Not one to get your hopes up, as there currently remains No News On This As Yet, but seeing as I'm also not one to give-up either, I can also assure you, that regular efforts have been ongoing since the film was completed, in terms of seeking distribution [this year marks close to seven years' worth]. As you probably already know, the doc was not crowd-sourced, instead fuelled by happy little clouds, life savings, puppy dreams, glitter, kindness, and the like, and as such, the process of getting the film physically out there to be watched, wasn't/isn’t as easy, as it might sound.
Not least of all, as [deep breath] I’ve been dealing with a handful of persistent health issues, over the past four years. Nothing life-threatening thankfully, but very much ball & chain type affairs, that to date, remain unavoidably ongoing. #woeisme #idemandsympathy
Ideally, a television broadcast and/or willing streaming platform could solve this niggling home media deficiency in one deft move. I mean, you'd think distributors would be clambering for new, exciting content in these difficult times; bombarding Lawman Productions with emails detailing how we could stand to make a whole tuppence per hundred-thousand views, biannually. Across the board however, any legitimate, and to be fair, mostly-optimistic messages that have come our way seem dependent on Ghostwatch itself being re-screened alongside the doc, which would of course be ace, but seeing as I’m currently not the DG, also something impossible to predict, in terms of scheduling.

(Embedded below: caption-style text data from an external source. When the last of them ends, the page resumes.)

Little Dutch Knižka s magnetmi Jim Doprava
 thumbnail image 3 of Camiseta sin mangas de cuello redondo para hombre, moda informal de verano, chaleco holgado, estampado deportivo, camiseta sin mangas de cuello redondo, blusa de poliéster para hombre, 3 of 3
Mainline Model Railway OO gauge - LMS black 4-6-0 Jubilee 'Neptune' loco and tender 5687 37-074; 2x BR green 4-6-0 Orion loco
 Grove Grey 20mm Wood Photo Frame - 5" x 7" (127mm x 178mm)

And so, with today marking the official six month countdown to National Séance 2020 — our tenth annual tweet-cast, in which fellow fans across the globe, drop everything on Hallowe'en Night, just to bang-on about how great Kevin Tripp’s cheese’n pickle sandwich is — tonight, at around 21:25, may I please ask that all you glorious Ghostwatchers make some noise on Twitter, directed to whomever you feel would be best placed to bring the doc, and eponymous Hallowe’en Hoax back to the telly box, ideally sometime later on, this year? Who knows, it may actually turn some heads.

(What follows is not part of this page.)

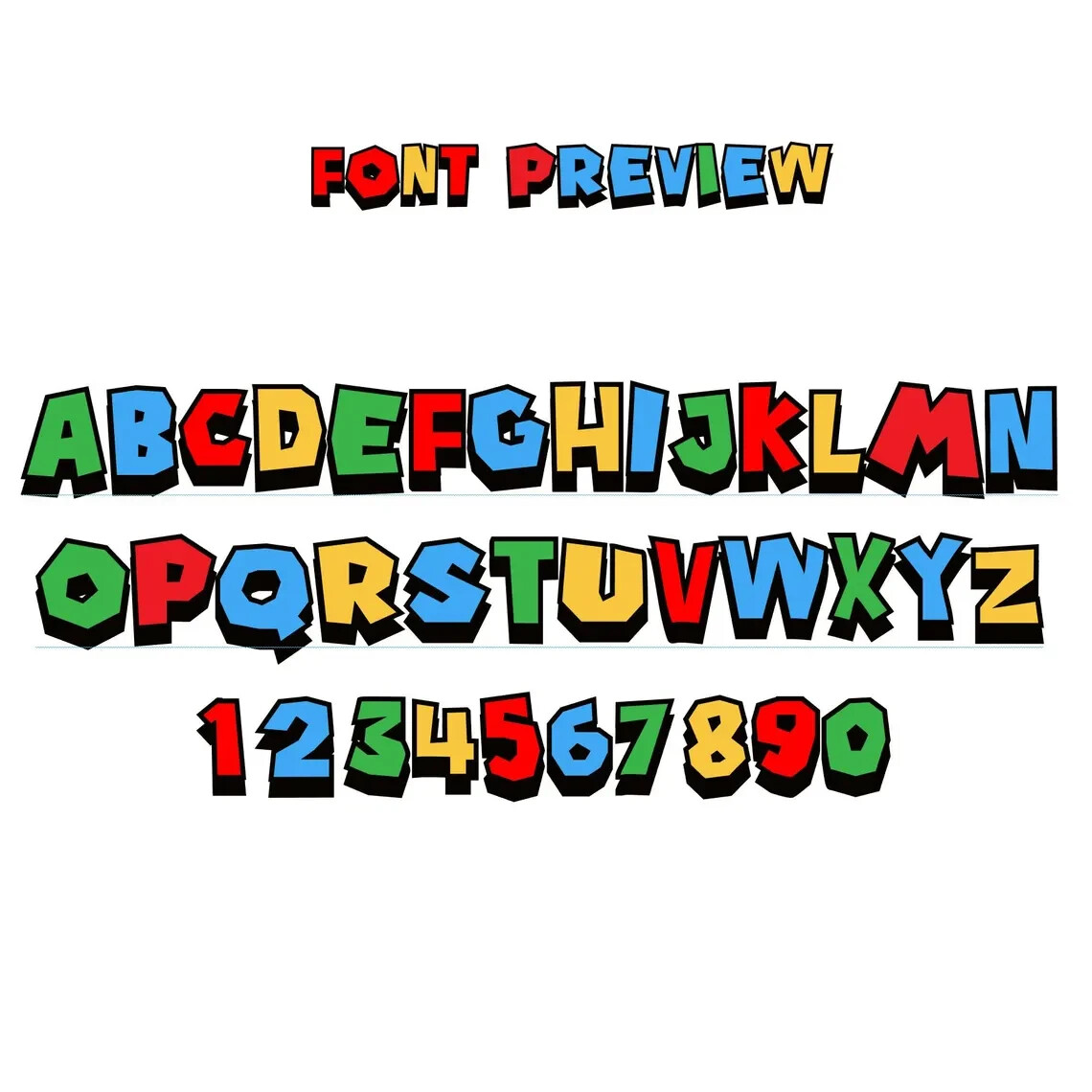 Custom Personalized Holographic Game Font Outlined Boy Girl Kids Name Sticker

In the interests of fairness, I’m not going to pre-empt you on Twitter handles. Just go with your gut. And, do please copy in @Ghostwatch so we can keep track! I promise I won't ask this of you, again. You've already done more than enough, for me to remain eternally grateful. I owe so many drinks by now, I could start a micro brewery called, Fears. You know, like Cheers? Or, how about, Pipes' Place? Okay, The Rotten Cabbage? No? The Bent Spoon? Uhh... Intense Cold Shots? ... Okay, forget it.
At the very least, it would be useful to know why the doc has yet to find a new home since the untimely close of BBC Store. Say what you will, but the piece wasn't shot using a potato, it boasts a professional sound-mix, and I'll have you know, Sight & Sound worthy-of-note, Vis-FX. It is curious as to why BtC remains in distribution limbo. I'm possibly too close to see the obvious, but feel free to enlighten me, if you have any ideas.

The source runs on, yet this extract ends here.